▸ Work required: From the first line to the last, output the entries exactly.

▸ Input:
========================
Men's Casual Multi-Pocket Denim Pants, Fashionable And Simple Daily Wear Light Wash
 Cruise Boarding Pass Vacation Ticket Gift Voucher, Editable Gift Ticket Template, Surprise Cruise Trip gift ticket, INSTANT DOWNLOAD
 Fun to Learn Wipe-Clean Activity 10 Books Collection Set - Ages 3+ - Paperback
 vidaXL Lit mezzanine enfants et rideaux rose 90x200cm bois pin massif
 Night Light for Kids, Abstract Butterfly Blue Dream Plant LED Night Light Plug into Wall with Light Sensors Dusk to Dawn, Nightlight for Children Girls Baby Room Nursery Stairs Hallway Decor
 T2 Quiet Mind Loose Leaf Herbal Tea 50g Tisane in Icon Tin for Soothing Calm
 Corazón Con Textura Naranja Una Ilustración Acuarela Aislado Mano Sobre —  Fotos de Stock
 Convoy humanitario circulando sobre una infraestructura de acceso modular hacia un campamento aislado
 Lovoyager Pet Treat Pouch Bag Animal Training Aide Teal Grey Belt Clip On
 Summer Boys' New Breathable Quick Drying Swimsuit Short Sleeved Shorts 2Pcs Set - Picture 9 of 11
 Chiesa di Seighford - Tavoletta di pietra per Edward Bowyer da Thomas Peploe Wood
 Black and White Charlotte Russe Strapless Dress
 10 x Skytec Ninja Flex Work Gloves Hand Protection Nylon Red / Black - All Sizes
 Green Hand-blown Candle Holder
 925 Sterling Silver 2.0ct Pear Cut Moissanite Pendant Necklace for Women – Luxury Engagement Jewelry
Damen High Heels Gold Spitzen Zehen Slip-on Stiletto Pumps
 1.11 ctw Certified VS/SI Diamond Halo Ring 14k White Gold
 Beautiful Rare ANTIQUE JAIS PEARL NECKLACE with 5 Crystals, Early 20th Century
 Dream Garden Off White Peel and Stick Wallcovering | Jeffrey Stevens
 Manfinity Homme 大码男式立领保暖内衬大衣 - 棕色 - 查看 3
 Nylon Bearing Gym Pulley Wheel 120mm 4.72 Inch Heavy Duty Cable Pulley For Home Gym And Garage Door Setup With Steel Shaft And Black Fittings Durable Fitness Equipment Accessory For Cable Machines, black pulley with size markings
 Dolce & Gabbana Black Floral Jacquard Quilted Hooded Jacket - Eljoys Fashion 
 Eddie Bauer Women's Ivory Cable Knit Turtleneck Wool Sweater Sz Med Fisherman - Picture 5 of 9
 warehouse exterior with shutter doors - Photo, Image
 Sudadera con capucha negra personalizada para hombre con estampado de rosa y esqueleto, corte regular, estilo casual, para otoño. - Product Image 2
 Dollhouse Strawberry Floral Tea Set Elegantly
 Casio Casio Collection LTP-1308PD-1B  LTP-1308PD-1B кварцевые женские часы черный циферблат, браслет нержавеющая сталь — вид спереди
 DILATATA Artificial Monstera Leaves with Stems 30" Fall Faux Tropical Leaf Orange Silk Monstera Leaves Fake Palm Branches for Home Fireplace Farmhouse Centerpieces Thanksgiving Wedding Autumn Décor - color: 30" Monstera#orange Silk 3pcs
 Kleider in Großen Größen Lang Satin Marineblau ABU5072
========================
▸ Finished exercise:
Men's Casual Multi-Pocket Denim Pants, Fashionable And Simple Daily Wear Light Wash
 Cruise Boarding Pass Vacation Ticket Gift Voucher, Editable Gift Ticket Template, Surprise Cruise Trip gift ticket, INSTANT DOWNLOAD
 Fun to Learn Wipe-Clean Activity 10 Books Collection Set - Ages 3+ - Paperback
 vidaXL Lit mezzanine enfants et rideaux rose 90x200cm bois pin massif
 Night Light for Kids, Abstract Butterfly Blue Dream Plant LED Night Light Plug into Wall with Light Sensors Dusk to Dawn, Nightlight for Children Girls Baby Room Nursery Stairs Hallway Decor
 T2 Quiet Mind Loose Leaf Herbal Tea 50g Tisane in Icon Tin for Soothing Calm
 Corazón Con Textura Naranja Una Ilustración Acuarela Aislado Mano Sobre —  Fotos de Stock
 Convoy humanitario circulando sobre una infraestructura de acceso modular hacia un campamento aislado
 Lovoyager Pet Treat Pouch Bag Animal Training Aide Teal Grey Belt Clip On
 Summer Boys' New Breathable Quick Drying Swimsuit Short Sleeved Shorts 2Pcs Set - Picture 9 of 11
 Chiesa di Seighford - Tavoletta di pietra per Edward Bowyer da Thomas Peploe Wood
 Black and White Charlotte Russe Strapless Dress
 10 x Skytec Ninja Flex Work Gloves Hand Protection Nylon Red / Black - All Sizes
 Green Hand-blown Candle Holder
 925 Sterling Silver 2.0ct Pear Cut Moissanite Pendant Necklace for Women – Luxury Engagement Jewelry
Damen High Heels Gold Spitzen Zehen Slip-on Stiletto Pumps
 1.11 ctw Certified VS/SI Diamond Halo Ring 14k White Gold
 Beautiful Rare ANTIQUE JAIS PEARL NECKLACE with 5 Crystals, Early 20th Century
 Dream Garden Off White Peel and Stick Wallcovering | Jeffrey Stevens
 Manfinity Homme 大码男式立领保暖内衬大衣 - 棕色 - 查看 3
 Nylon Bearing Gym Pulley Wheel 120mm 4.72 Inch Heavy Duty Cable Pulley For Home Gym And Garage Door Setup With Steel Shaft And Black Fittings Durable Fitness Equipment Accessory For Cable Machines, black pulley with size markings
 Dolce & Gabbana Black Floral Jacquard Quilted Hooded Jacket - Eljoys Fashion 
 Eddie Bauer Women's Ivory Cable Knit Turtleneck Wool Sweater Sz Med Fisherman - Picture 5 of 9
 warehouse exterior with shutter doors - Photo, Image
 Sudadera con capucha negra personalizada para hombre con estampado de rosa y esqueleto, corte regular, estilo casual, para otoño. - Product Image 2
 Dollhouse Strawberry Floral Tea Set Elegantly
 Casio Casio Collection LTP-1308PD-1B  LTP-1308PD-1B кварцевые женские часы черный циферблат, браслет нержавеющая сталь — вид спереди
 DILATATA Artificial Monstera Leaves with Stems 30" Fall Faux Tropical Leaf Orange Silk Monstera Leaves Fake Palm Branches for Home Fireplace Farmhouse Centerpieces Thanksgiving Wedding Autumn Décor - color: 30" Monstera#orange Silk 3pcs
 Kleider in Großen Größen Lang Satin Marineblau ABU5072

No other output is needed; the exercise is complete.